Doch sein Protagonist in „Senso“ ist Germano, ein mittelalter, schmaler und schüchterner Typ mit Bart und Brille, der etwas verloren wirkt und noch nicht mal ein Handy hat. Im Hotel angekommen, erfährt der Erschöpfte, dass seine Reservierung aufgehoben wurde und alle Zimmer belegt sind. Eine Hochzeitsgesellschaft besetzt das komplette Hotel!

Doch der Bräutigam ist ausgerechnet ein korpulenter alter Bekannter Germanos, der ihn jovial „Verkackarsch“ nennt (warum, erfahren wir später) und ihm ständig dröhnend lachend auf die Schulter klopft.

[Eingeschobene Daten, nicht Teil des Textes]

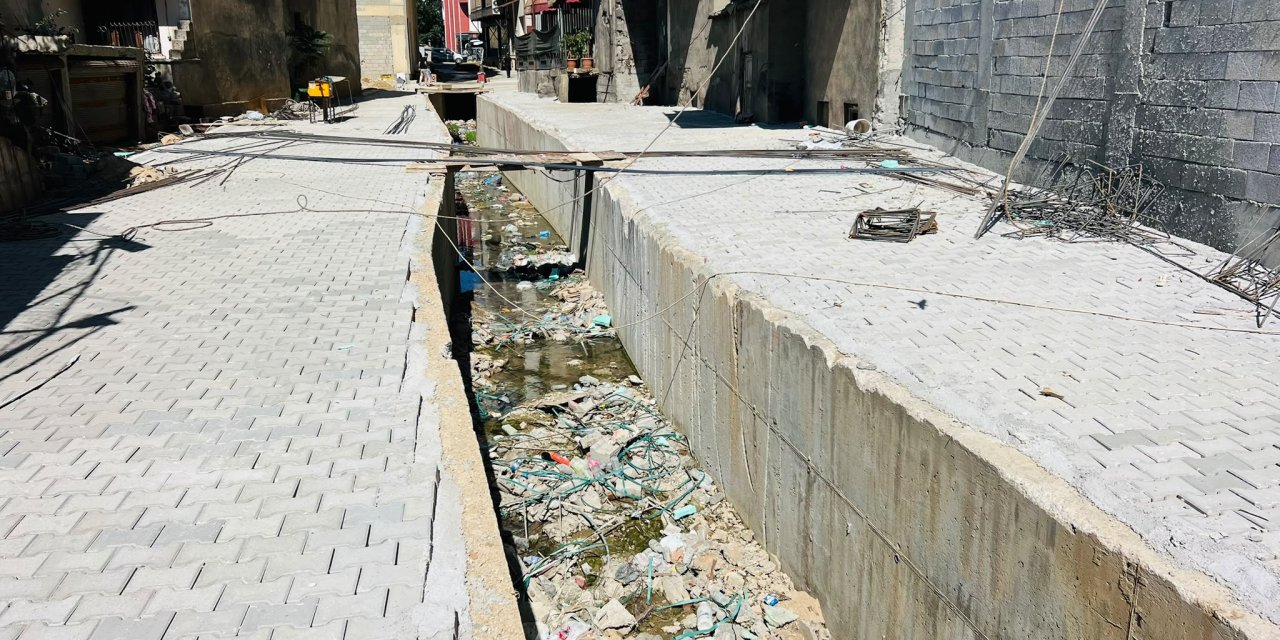 Yüksekova'da belediyenin temizlediği yerler yeniden çöplüğe döndü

„Senso“, eine tragikomische Geschichte um einen Antihelden

Germano ist aber aus einem ganz bestimmten und gänzlich anderen Grund hier. Anna hat eine Ausstellung im Ort (und wer Anna ist, erfahren wir schließlich am Ende). Germano findet sich seufzend damit ab, die Nacht auf dem Sofa in der Lobby zu verbringen, während die Hochzeitsfeier so richtig in Schwung kommt. Neben dem grimmigen Portier lernt Germano bald auch einen Partygast, die stets gut gelaunte Elena, näher kennen.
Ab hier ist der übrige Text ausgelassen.